SUPPLIED MATERIAL section start
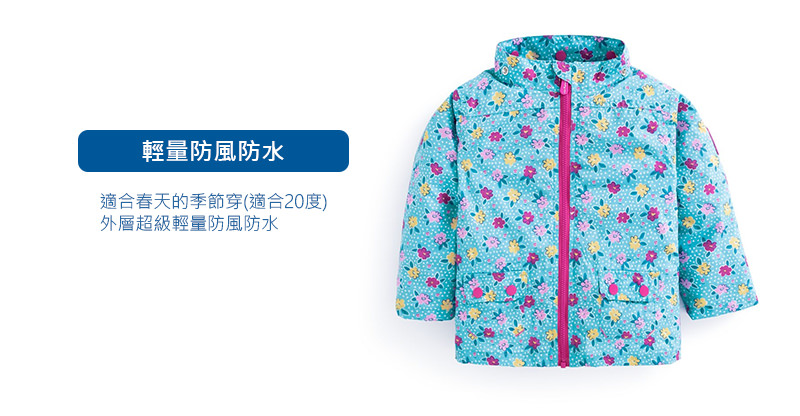 英國 JoJo Maman BeBe - 四合一多功能防水保暖外套-水藍花園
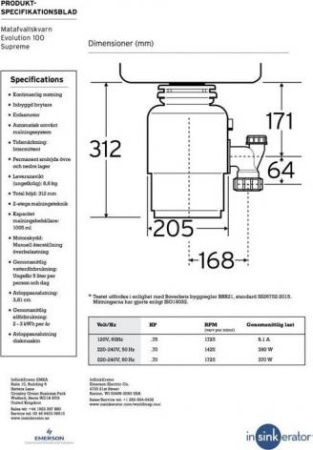 Бытовой измельчитель In Sink Erator ISE EVOLUTION 100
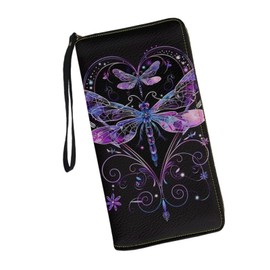 JUDENTIDOS Heart Dragonfly Print Women Wallet Travel Leather Rfid Blocking Purse Zipper Card Holder Clutch Bag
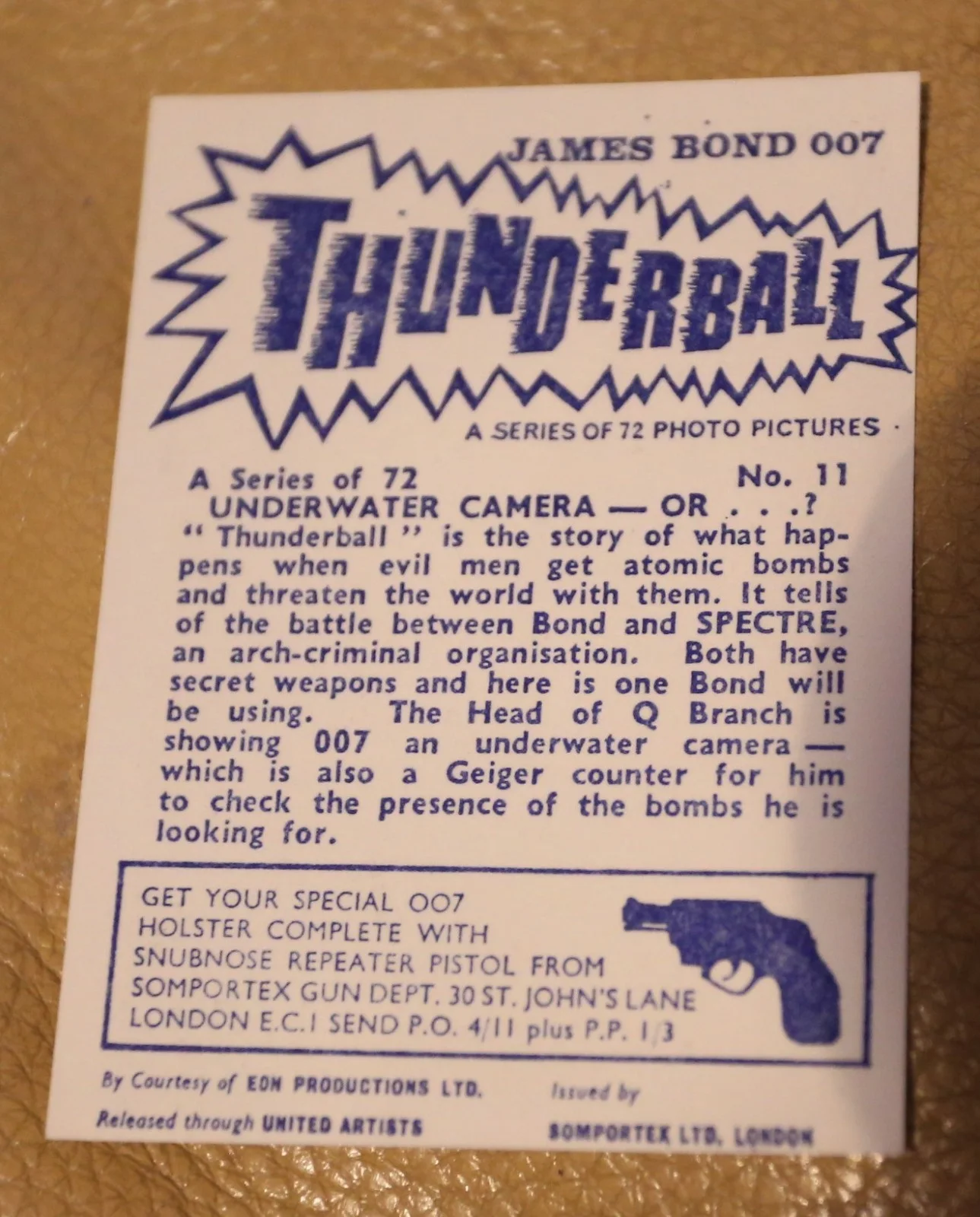 JAMES BOND SOMPORTEX THUNDERBALL 1966 ORIGINAL TRADING CARD EX COND NUMBER 11, изображение 2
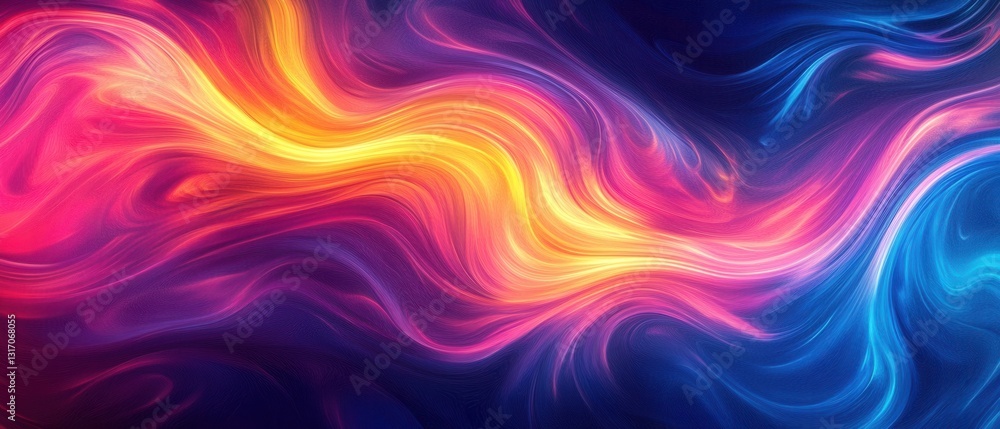 Poster abstract flowing colorful energy wave design with dynamic vibrant hues and smooth texture for modern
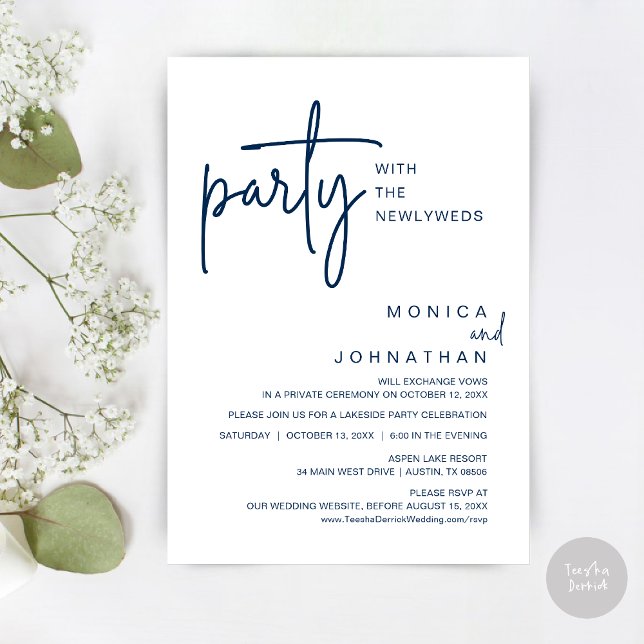 Invitación Fiesta Con Los Recién Matados, Cena Boda (Party with the newlyweds, Post wedding dinner celebration invitation card, PDF, in Navy Blue)
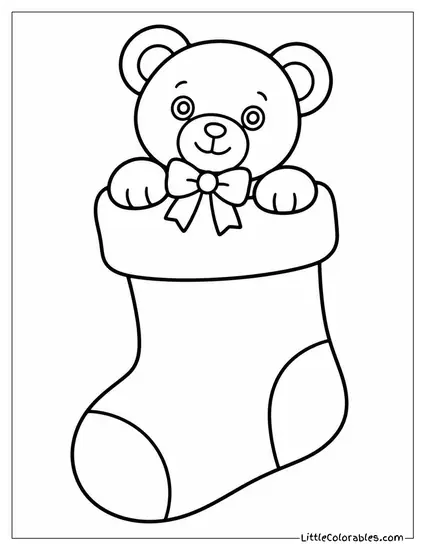 Christmas Stocking with a Teddy Bear Poking Out Coloring Page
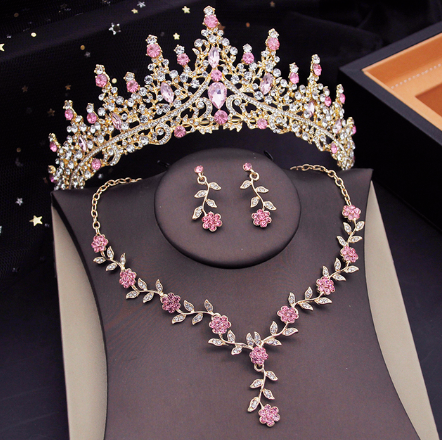 Conjunyo Y Pendientes Bridal Crown Tiaras For Little Girls 15 Years Bride Para La Boda Tiara Jewelry sets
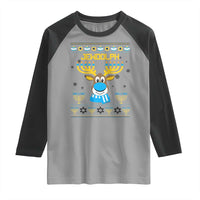 Funny Hanukkah Raglan Shirt Jewdolph Jewish Reindeer Menorah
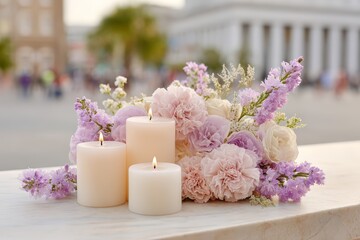 Juneteenth memorial candle arrangement with pink and lavender flowers and soft petals on public plaza table for memorial background and tribute banner design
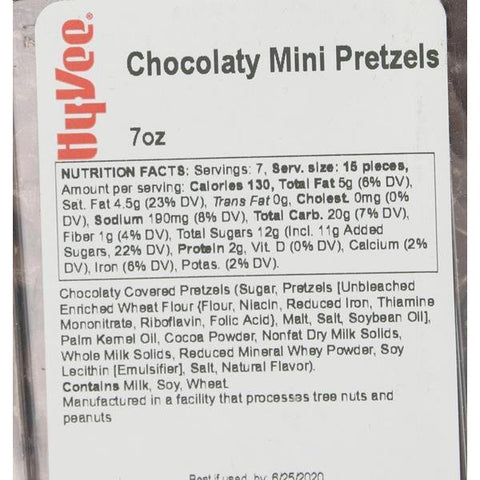 Hy-Vee Chocolaty Mini Pretzels - 7 Ounce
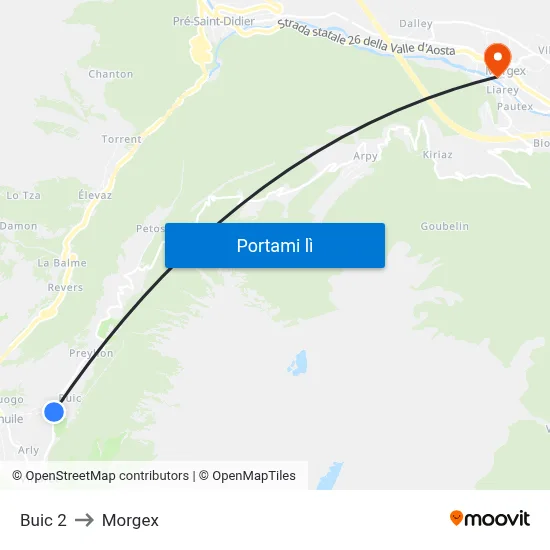 Buic 2 to Morgex map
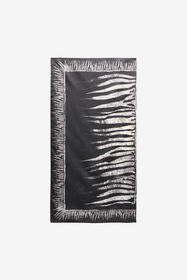 RC Fular De Seda Estampado Zebra Negro/Blanco UALR04-IR104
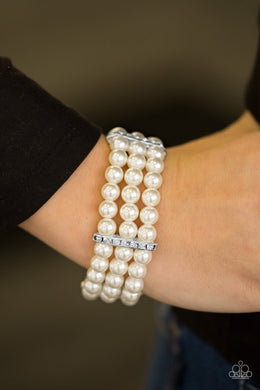 Paparazzi Royal Wedding - White Pearls - White Rhinestones - Stretchy Band Bracelet - $5 Jewelry With Ashley Swint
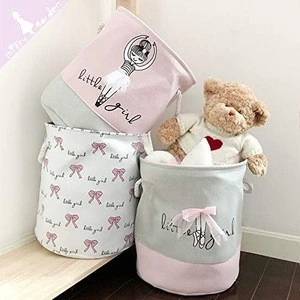 2020 Hot Sale Print  Linen Waterproof Laundry Hamper Collapsible Basket with Cotton Handle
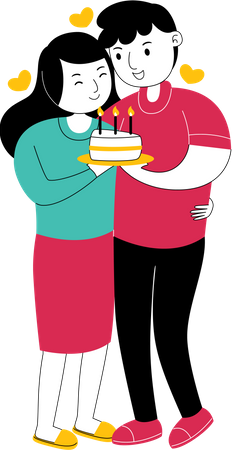 Paar feiert Geburtstag  Illustration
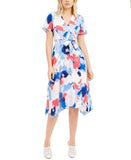 NWT Alfani Petite Floral Belted Midi Wrap Dress. 100097414PT 16 Petite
SUPPLIED MATERIAL section end
# YOUR ASSIGNMENT
Please copy out the entries above exactly as they appear, but skip their images.

# WRITTEN RESPONSE
 英國 JoJo Maman BeBe - 四合一多功能防水保暖外套-水藍花園
 Бытовой измельчитель In Sink Erator ISE EVOLUTION 100
 JUDENTIDOS Heart Dragonfly Print Women Wallet Travel Leather Rfid Blocking Purse Zipper Card Holder Clutch Bag
 JAMES BOND SOMPORTEX THUNDERBALL 1966 ORIGINAL TRADING CARD EX COND NUMBER 11, изображение 2
 Poster abstract flowing colorful energy wave design with dynamic vibrant hues and smooth texture for modern
 Invitación Fiesta Con Los Recién Matados, Cena Boda (Party with the newlyweds, Post wedding dinner celebration invitation card, PDF, in Navy Blue)
 Christmas Stocking with a Teddy Bear Poking Out Coloring Page
 Conjunyo Y Pendientes Bridal Crown Tiaras For Little Girls 15 Years Bride Para La Boda Tiara Jewelry sets
 Funny Hanukkah Raglan Shirt Jewdolph Jewish Reindeer Menorah
 Juneteenth memorial candle arrangement with pink and lavender flowers and soft petals on public plaza table for memorial background and tribute banner design
 Hy-Vee Chocolaty Mini Pretzels - 7 Ounce
 Buic 2 to Morgex map
 RC Fular De Seda Estampado Zebra Negro/Blanco UALR04-IR104
 Paparazzi Royal Wedding - White Pearls - White Rhinestones - Stretchy Band Bracelet - $5 Jewelry With Ashley Swint
 2020 Hot Sale Print  Linen Waterproof Laundry Hamper Collapsible Basket with Cotton Handle
 Paar feiert Geburtstag  Illustration
 NWT Alfani Petite Floral Belted Midi Wrap Dress. 100097414PT 16 Petite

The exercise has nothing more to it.